I’ve read about dry beaning coffee where you add coarsely cracked beans to the secondary, but I wonder is there some way to sanitize them without using vodka or destroying the coffee flavor? If so, how? My beer is estimated at 5.1 ABV.
You could put them in the oven for a short time. When I put cacao nibs into a stout, I first put them in the oven for a short time. 300 degrees for about 12 minutes. Just spread them out on a cookie sheet. I don’t recall ever hearing about this being done with coffee though. May give your beans a more roasted flavor.
I think it would be unusual for anything bad to live on roasted coffee beans. I have always coarsely crushed them and added them in a permeable bag to the fermenter or the keg.
I have always used about 1/4 cup whole beans in a hop sack dangling in the kettle about 5-10 minutes before the end of the boil. Adds a wonderful coffee background without adding any color. The more coffee you use, and the longer it dangles, the more coffee flavor. No cracking and no need to sanitize.
I never sanitize the beans. I just put them into the secondary. I have never had a problem doing this. The alcohol in the beer will kill anything residing on the surface of the beans.
Secondly, I do not crack the beans, I just add the whole beans. You will extract the flavor from the beans but not as much caffeine as you would get from cracking them.
It’s tough to get an infection from coffee beans unless you are leaving the beans exposed to some reckless conditions. Coffee roasts hit their peak above 400F so the beans are coming out of the roaster pretty clean. In most cases they are going from the roaster to packaging line to a fairly clean bag and then you are probably scooping right out of that bag into a clean vessel to weigh and then adding it to the beer. I won’t say the beans are microbe free but there should be so few organisms on the beans that the probability of an infection coming from the beans to the beer is slight after accounting for ph, anaerobic conditions and ethanol in the beer. If you leave open bags of coffee where you mill grain or create some other way for more hearty organisms to populate the coffee beans then you should sanitize those beans.

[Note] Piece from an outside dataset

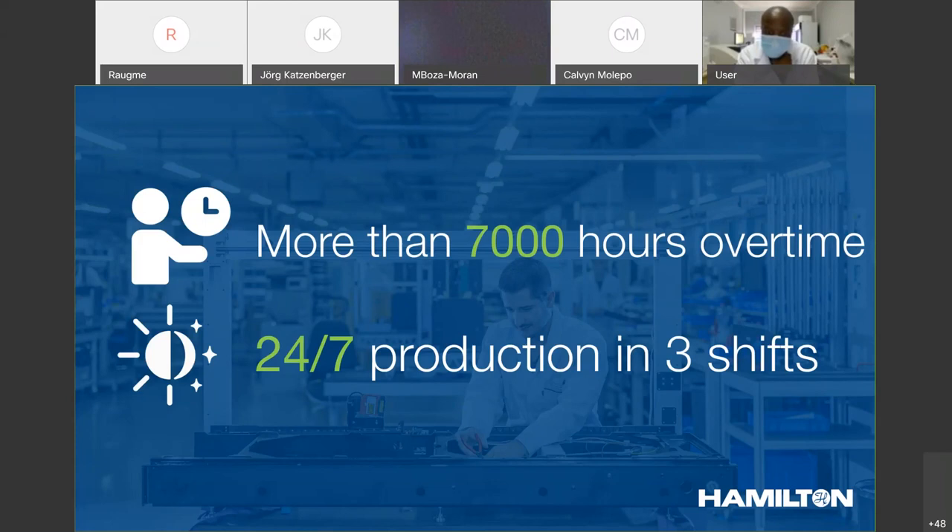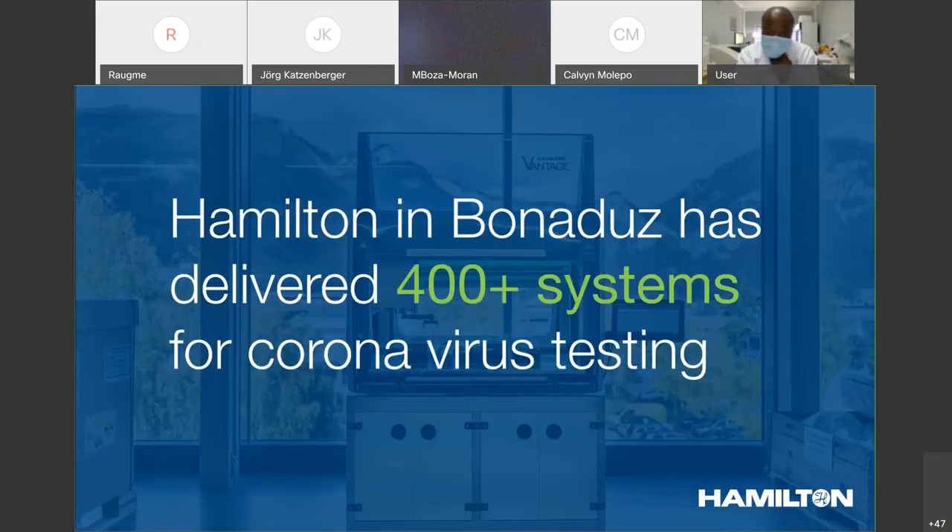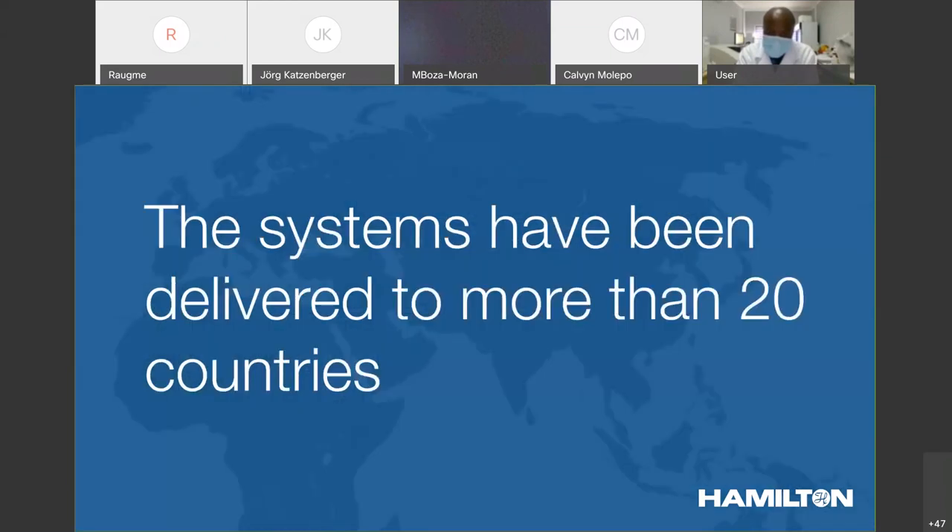By doing that, they were able to increase the output of Hamilton and Bonaduce to more than 400 systems that have been delivered and installed in the past three months for coronavirus testing. These systems have been delivered to more than 20 countries, including South Africa, and that's only for the part that Hamilton and Bonaduce is responsible for. We have a similar amount of systems produced in Reno, our main headquarters in the US, delivering systems to the US and South America.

Most dried ingredients are safe to use without any type of sanitization. Aside from wild yeast and stuff like standard kitchen bacteria, beer spoilage bacteria mostly becomes an issue when it builds up over time in places where it thrives: Such as wort and beer or similar mediums. Dirty hoses, fermentors, racking canes, aeration stones … stuff that comes in contact with wort. Not all micro organisms are beer spoilers. For instance, your beer can’t catch a cold!
Even in the case of fruit picked straight off the vine/tree I have added these to finished beer and not really picked up any majorly weird infections (assuming the beer is relatively dry). On occasion some interesting wild yeast and sour flavors will occur but I can’t recall it ever ruining the beer.

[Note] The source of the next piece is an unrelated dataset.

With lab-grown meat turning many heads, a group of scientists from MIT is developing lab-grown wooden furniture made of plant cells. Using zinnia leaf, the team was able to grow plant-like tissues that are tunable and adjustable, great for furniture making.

That’s definitely an interesting article. I wish they would go a bit more into the roast profile Jeff has used to successfully eliminated the green pepper flavor. Even though I probably wouldn’t be able to replicate it at home, I might be able to find a local roaster who puts out something similar.
Perhaps you could talk with a roaster. I think it is likely they know what you are looking for. Or maybe willing to work with you on something as a test. After all, we likely don’t need a lot of it.